Before you return the entries below, strip out the pictures and keep all else exact.

========================================

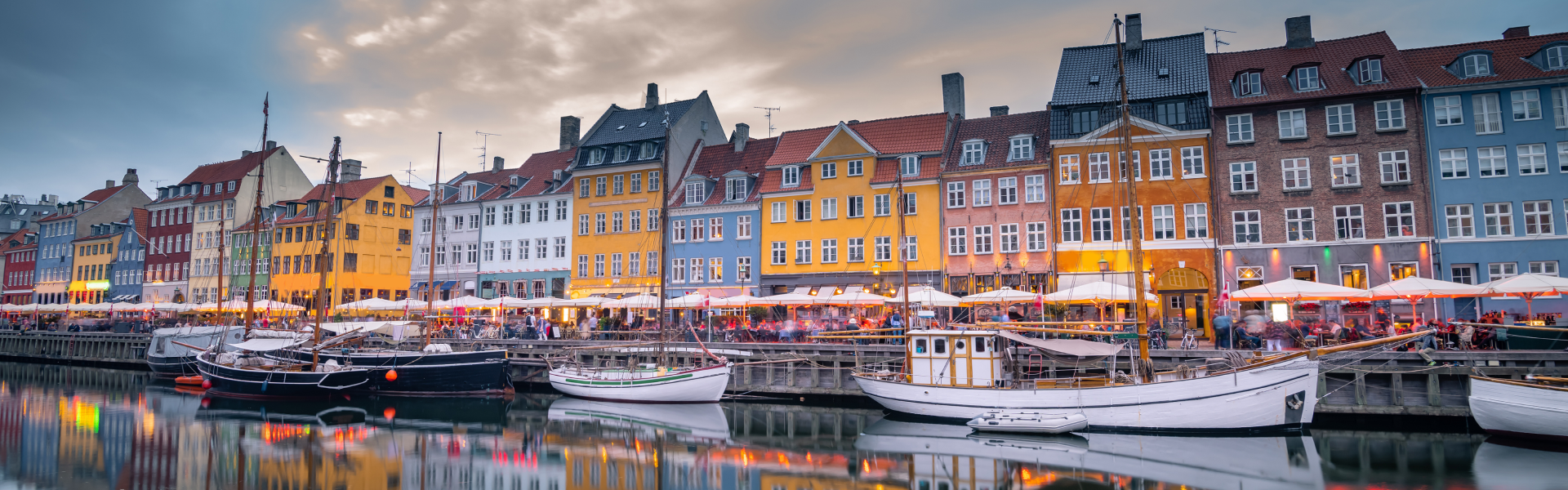 Yellow, blue and red, buildings line the waterfront along a river with boats.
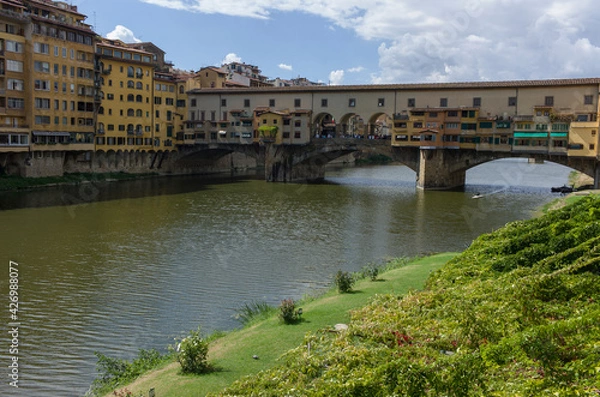 Fototapeta Ponte Vecchio view with Arno river with cityscape of Florence, Italy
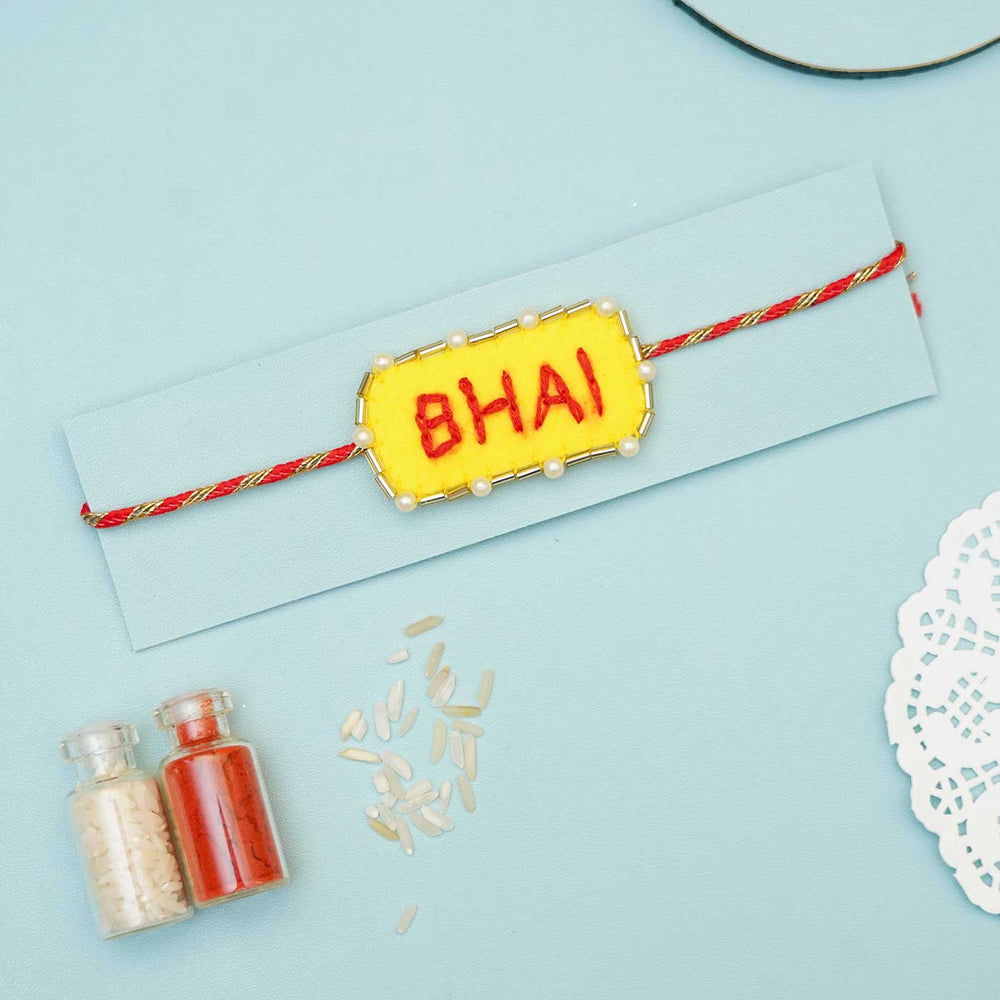 Handmade Bhai Felt Rakhi With Roli Chawal - On Greeting Card Background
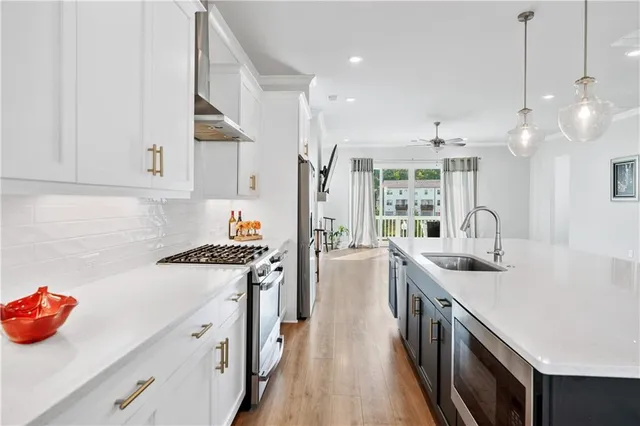 a kitchen with stainless steel appliances granite countertop a stove and a refrigerator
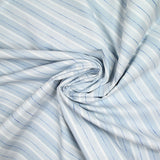 Popeline polycoton jacquard rayure blanche, gris-bleue et bleue marine doupionnée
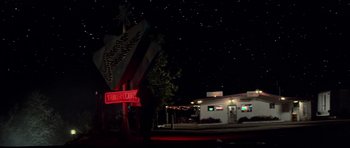Movie still from “The Last Starfighter” (1984), directed by Nick Castle – A night scene of a motel and a restaurant; Extreme Wide shot, Low angle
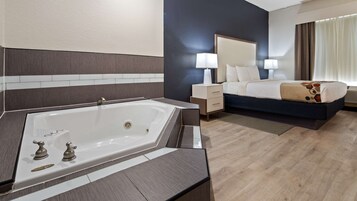 Suíte, 1 cama King, para não fumantes, banheira de imersão | Escrivaninha, espaço de trabalho para notebook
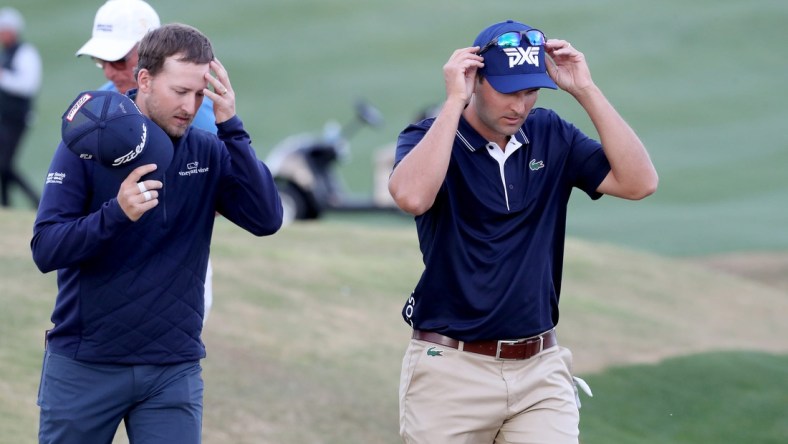 Lee Hodges, left, and Paul Barjon finish on the 9th green of the Pete Dye Stadium Course at PGA West during round three of The American Express in La Quinta, Calif., on Saturday, Jan. 22, 2022.

Barjon And Hodges American Express Round Three3531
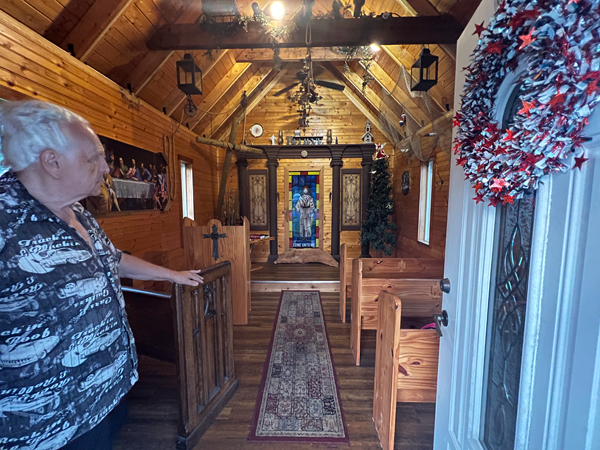Lee Duquette inside Wytheville's smallest church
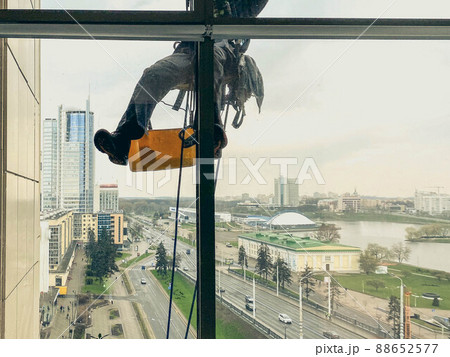 A window washing the windows of an office building. 88652577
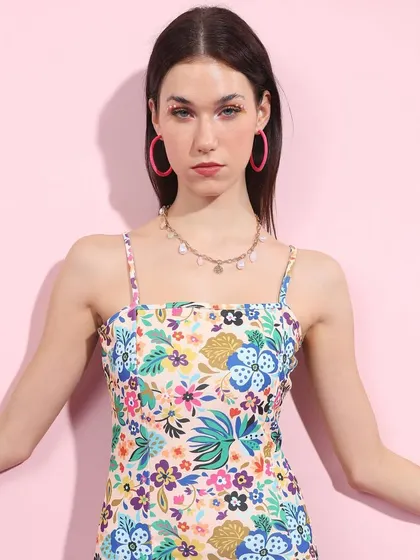 This floral dress brings a different texture to the Barbiecore theme. I styled it with bright pink hoop earrings to tie into the color palette and keep the look playful.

========================================

▶ _Answer area_
 Yellow, blue and red, buildings line the waterfront along a river with boats.
 Fototapeta Ponte Vecchio view with Arno river with cityscape of Florence, Italy
 Handmade Bhai Felt Rakhi With Roli Chawal - On Greeting Card Background
 a kitchen with stainless steel appliances granite countertop a stove and a refrigerator
 Popeline polycoton jacquard rayure blanche, gris-bleue et bleue marine doupionnée
Movie still from “The Last Starfighter” (1984), directed by Nick Castle – A night scene of a motel and a restaurant; Extreme Wide shot, Low angle
 Suíte, 1 cama King, para não fumantes, banheira de imersão | Escrivaninha, espaço de trabalho para notebook
 Lee Hodges, left, and Paul Barjon finish on the 9th green of the Pete Dye Stadium Course at PGA West during round three of The American Express in La Quinta, Calif., on Saturday, Jan. 22, 2022.

Barjon And Hodges American Express Round Three3531
Lee Duquette inside Wytheville's smallest church
 A window washing the windows of an office building. 88652577
 This floral dress brings a different texture to the Barbiecore theme. I styled it with bright pink hoop earrings to tie into the color palette and keep the look playful.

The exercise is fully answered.